#### Available data:
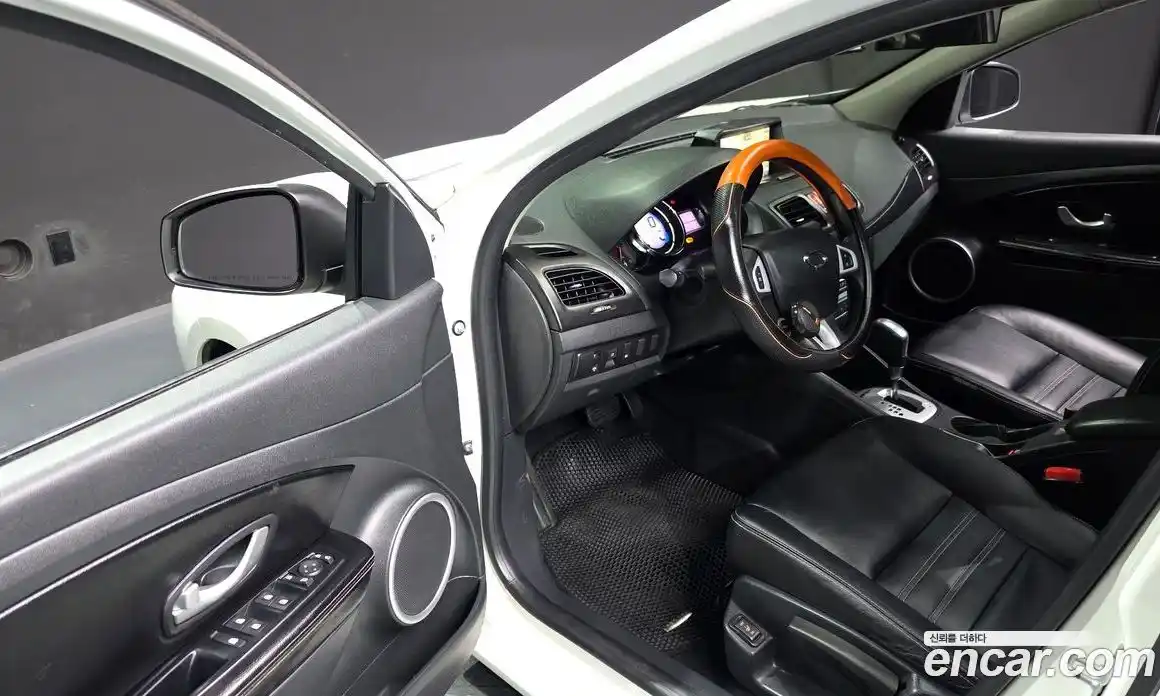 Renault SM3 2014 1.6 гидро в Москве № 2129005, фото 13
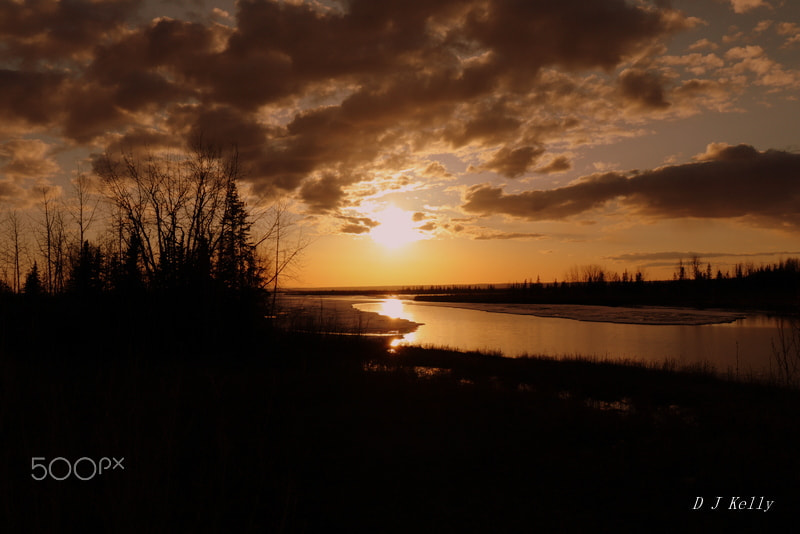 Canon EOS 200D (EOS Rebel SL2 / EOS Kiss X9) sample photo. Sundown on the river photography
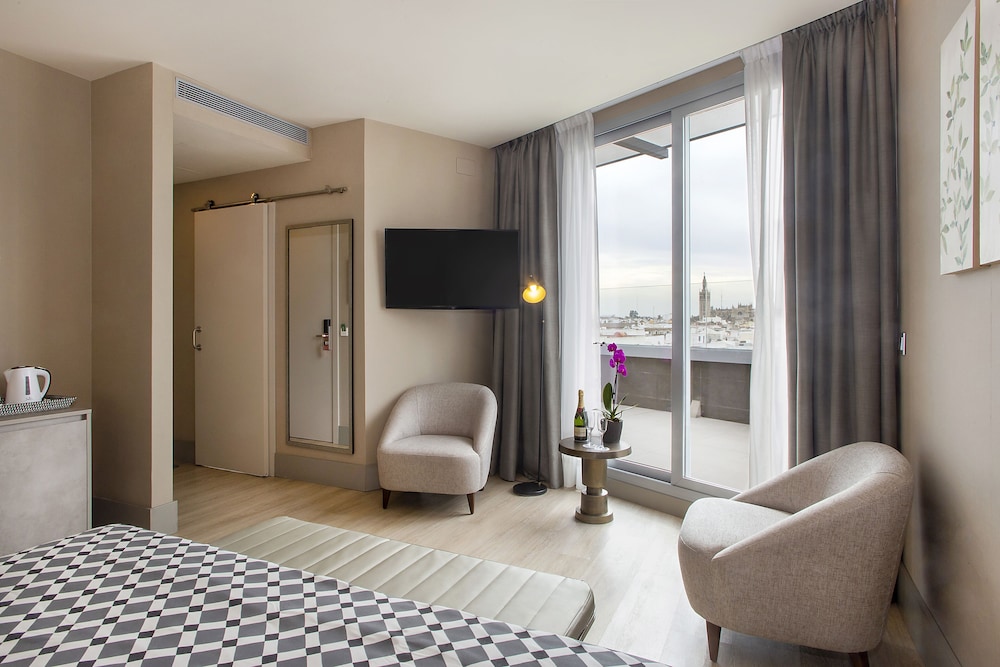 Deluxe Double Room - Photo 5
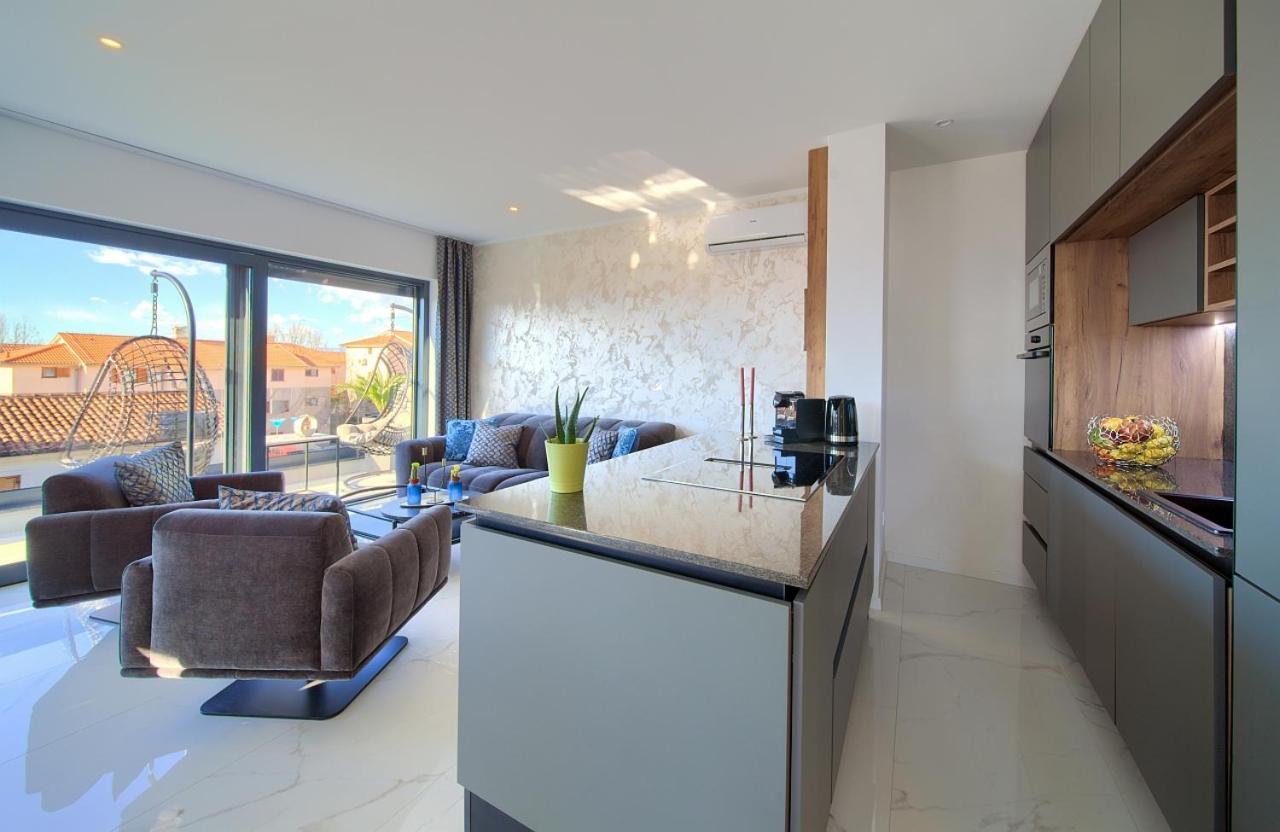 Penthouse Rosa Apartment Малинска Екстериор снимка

#### What is being asked:
A word-for-word copy of the data above is needed, one that omits the pictures.

#### Problem solution:
 Renault SM3 2014 1.6 гидро в Москве № 2129005, фото 13
 Canon EOS 200D (EOS Rebel SL2 / EOS Kiss X9) sample photo. Sundown on the river photography
 Deluxe Double Room - Photo 5
 Penthouse Rosa Apartment Малинска Екстериор снимка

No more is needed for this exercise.